RisingWave Storage Engine Optimization: Higher Performance at Lower Cost

Background

In the article "Hummock: A Storage Engine Designed for Stream Processing", we introduced the design philosophy and basic architecture of Hummock. This article mainly discusses the significant improvements and optimizations made in recent versions of Hummock.

Fast Compaction

Initially, Hummock's data file format was inspired by the design of RocksDB's Sstable. Later, to enhance query performance, Hummock adopted the xor filter to replace the original Bloom filter (RocksDB also introduced a Ribbon filter algorithm based on the xor filter). However, the xor filter temporarily consumes a large amount of memory during construction. To reduce memory usage, Hummock revamped its data storage format to build a filter for each block unit instead of a global single filter. This approach reduced peak memory usage, enabling RisingWave to operate in environments with lower specifications.

In comparison to BTree-like data structures, LSM Tree achieves higher write throughput by utilizing sequential writing and background organization. However, this comes at the expense of write amplification, where the same data may undergo repeated compaction. For a more detailed understanding of this, you can read RocksDB Tuning Guide.
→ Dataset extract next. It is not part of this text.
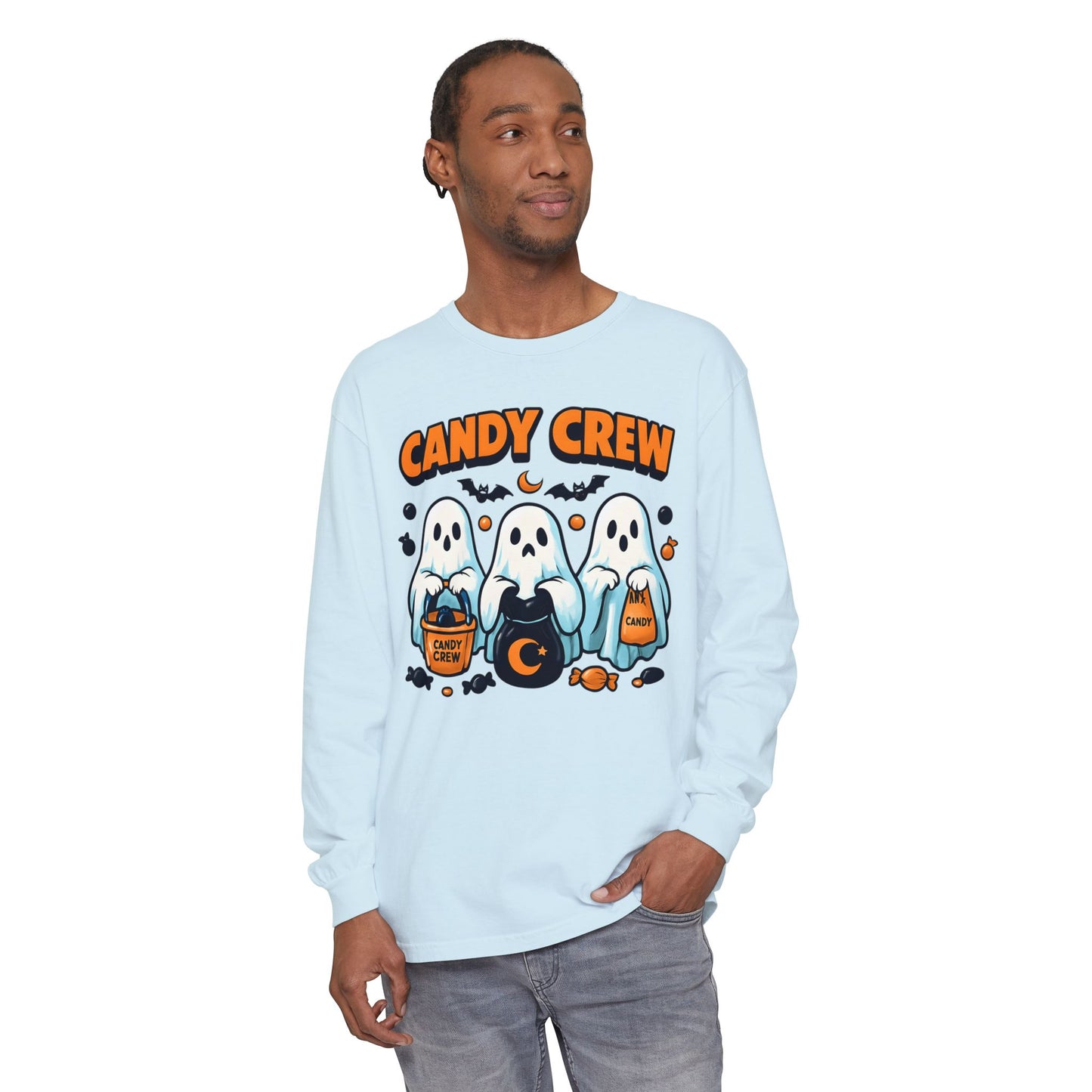 Halloween Ghosts Candy Crew Long Sleeve T-Shirt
When dealing with L1(Level 1, mentioned in RocksDB Tuning Guide) and older data, the process of moving data from an upper-level file to a lower level often results in overlapping with multiple files at the lower level. This necessitates including more than one file in the same compaction task, which leads to write amplification. However, it's important to note that even if files at the upper-level overlap with several files at the lower level, it doesn't necessarily mean that every block from the upper-level overlaps with a block at the lower level. This is unless each write operation strictly adheres to an equal probability distribution within the same range.

Therefore, if our compaction algorithm operates at a block granularity instead of a key granularity, it can avoid the overhead of decompression and recompression for blocks that do not overlap with other files in the task. These blocks can be directly copied to the new file.
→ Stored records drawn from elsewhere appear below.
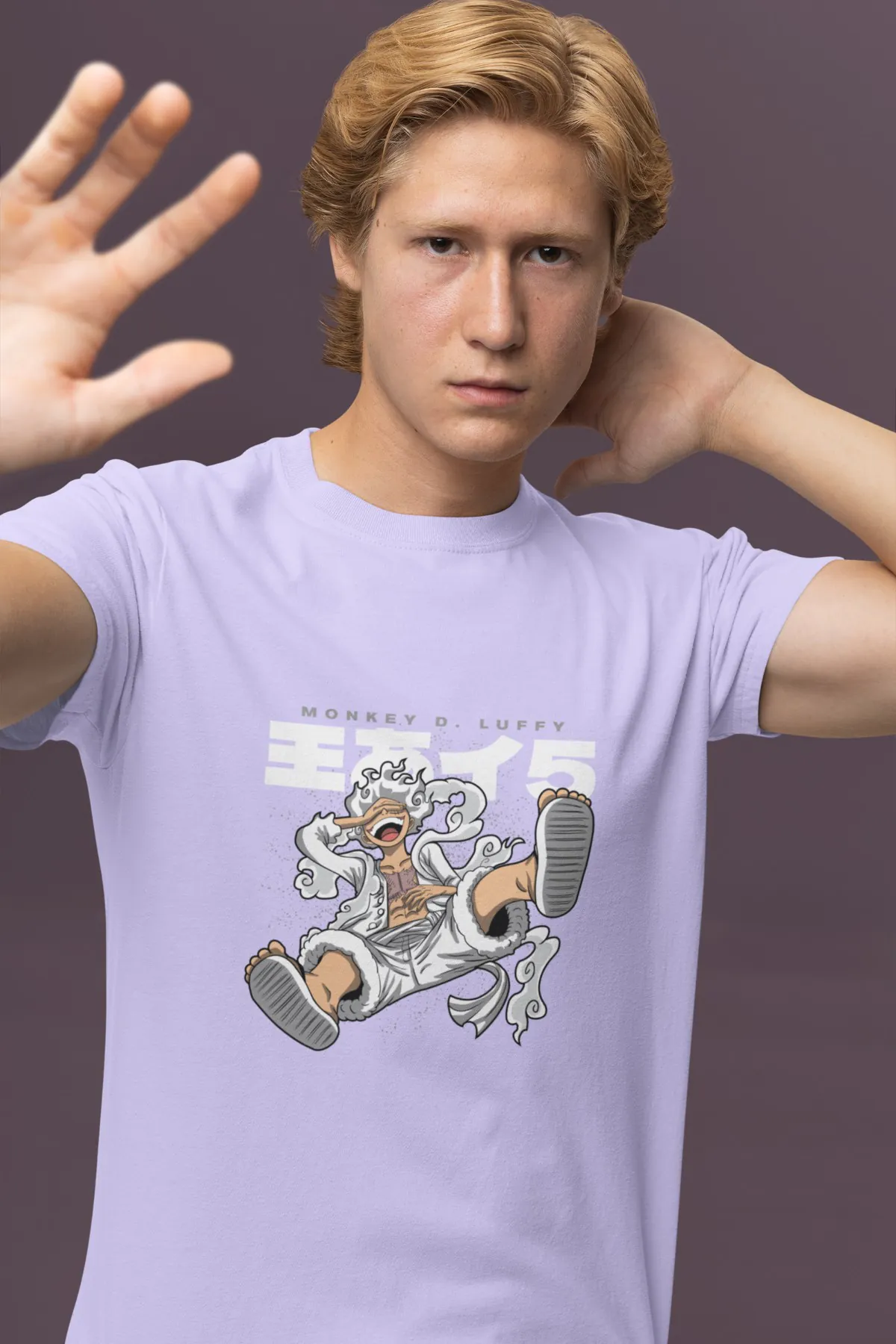 Luffy Gear 5 – Unleash the Power of the Sun God Lavender Supima Design | Fanpix Luffy Gear 5 – Unleash the Power of the Sun God Lavender Supima Unisex T-Shirt Front View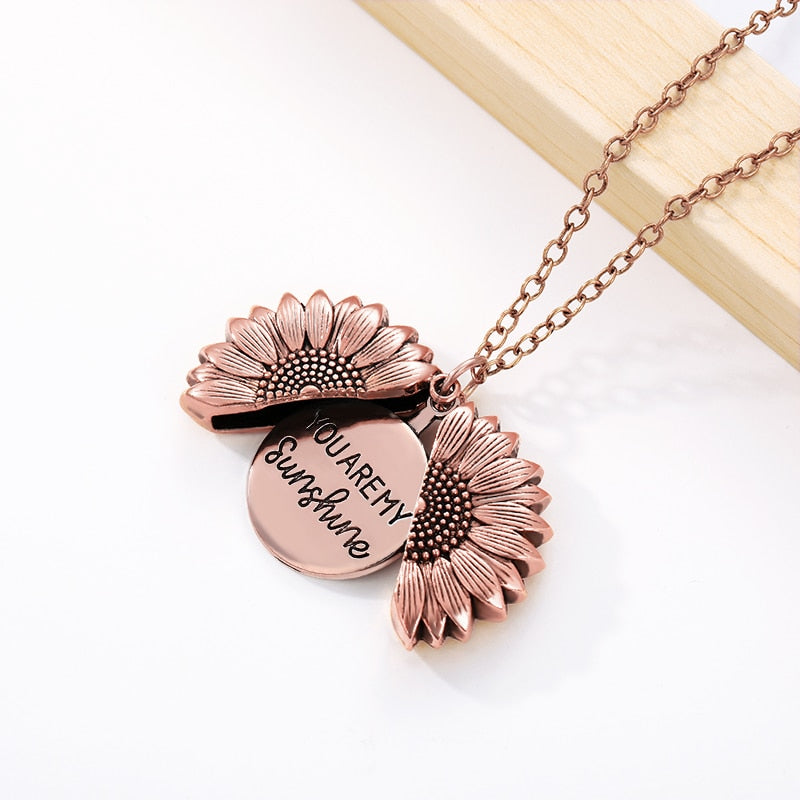 Sunshine Open Locket Sunflower Pendant Necklace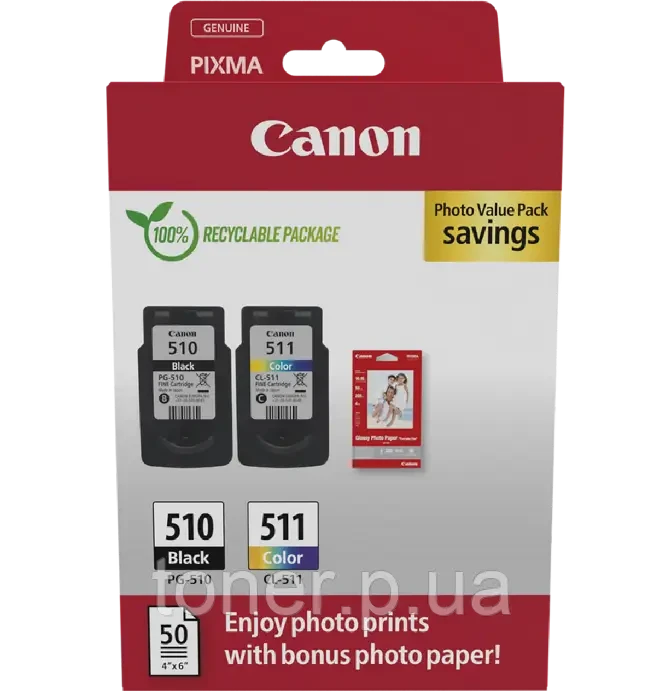 Canon PG-510, CL-511 Набір картриджів + фотопапір GP-501 50 аркушів MultiPack (2970B017AA)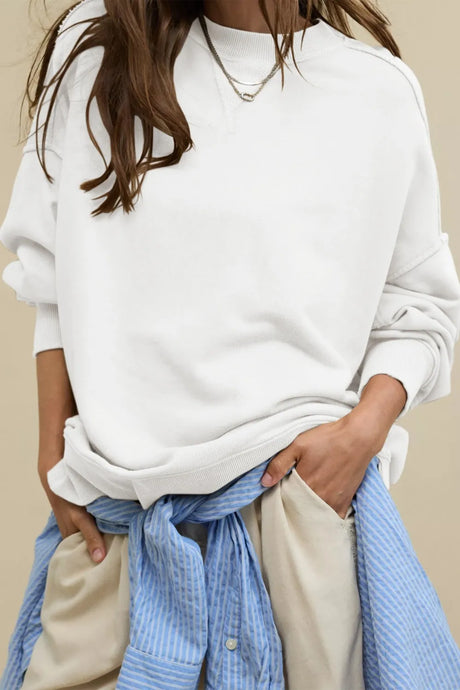 Side Slit Round Neck Long Sleeve Sweatshirt - V.I.P Digital Presence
Below is the traditional compaction algorithm:

Traditional compaction algorithm.

Here is our improved algorithm:

Improved compaction algorithm.

Comparing the traditional algorithm, it's clear that blocks 1 and 3 in SST2 of the improved algorithm, if not duplicated with data in SST1, can be directly copied to the output file, thus avoiding additional parsing and compression costs.

Our tests across various read and write loads showed that this optimization can save 20% to 50% of compactor CPU resources. For scenarios with heavy writes and high throughput, this optimization significantly reduces the cost of compaction operations. Currently, this feature is still under testing and is not enabled by default.

IO Prefetch

Like RocksDB, Hummock's storage design is based on organizing data at the block level. When the application queries data, it reads blocks one by one. If a block is not in the cache, it triggers an IO operation to read from remote storage (e.g., S3 storage in AWS environments). However, developers familiar with S3 know that S3's latency for random reads is extremely high, making it more suitable for sequential reading of large objects. Therefore, when users perform OLAP-type queries (e.g., select count(*) from mv;), Hummock has to send IO operations one by one, significantly increasing query response times.
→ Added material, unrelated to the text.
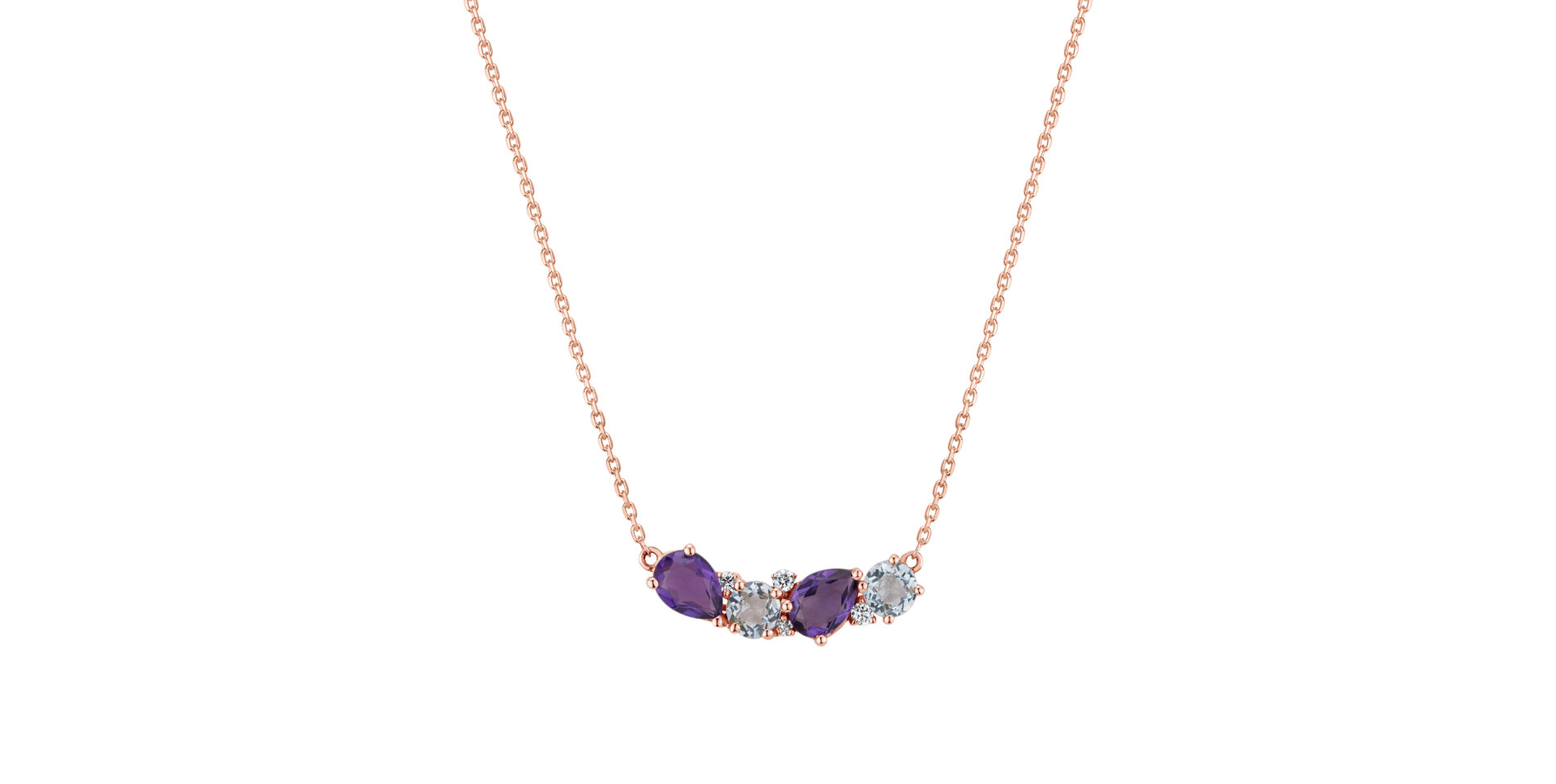 Diamond necklace with Amethyst and Topaz Celestial Mystery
A similar scenario occurs when users want to create another materialized view for an already imported data table, requiring traversal of all historical data, thus being limited by the reading method mentioned above.

Therefore, for batch queries in RisingWave, in the underlying storage, when we find that the current block is not in the cache, we will read multiple blocks within the current range at once. This allows us to maximize the utilization of S3's bandwidth throughput, and also reduces the IO cost of S3, as the streaming interface is counted as a single IO while S3 charges based on the number of IOs. Through some simple tests, this optimization can improve the speed of some OLAP queries by up to 8 times. However, this is only under extreme circumstances, as there are still many complex SQL bottlenecks related to computational operations, and the actual improvement depends on the query type and business scenario.

In addition to query performance, cost is also a key concern for databases. For storage backends like AWS S3, in addition to the fixed monthly charges for storing data based on size, IO operations are charged based on the number of operations. Therefore, besides optimizing performance, one of our important directions in optimizing the storage system is how to utilize the high throughput and high latency characteristics of S3 to improve its efficiency and reduce costs. In the future, we will choose IO strategies more accurately based on different query plans to further improve processing speed, and also use local disks as secondary cache to increase cache hit rate and reduce access frequency to S3.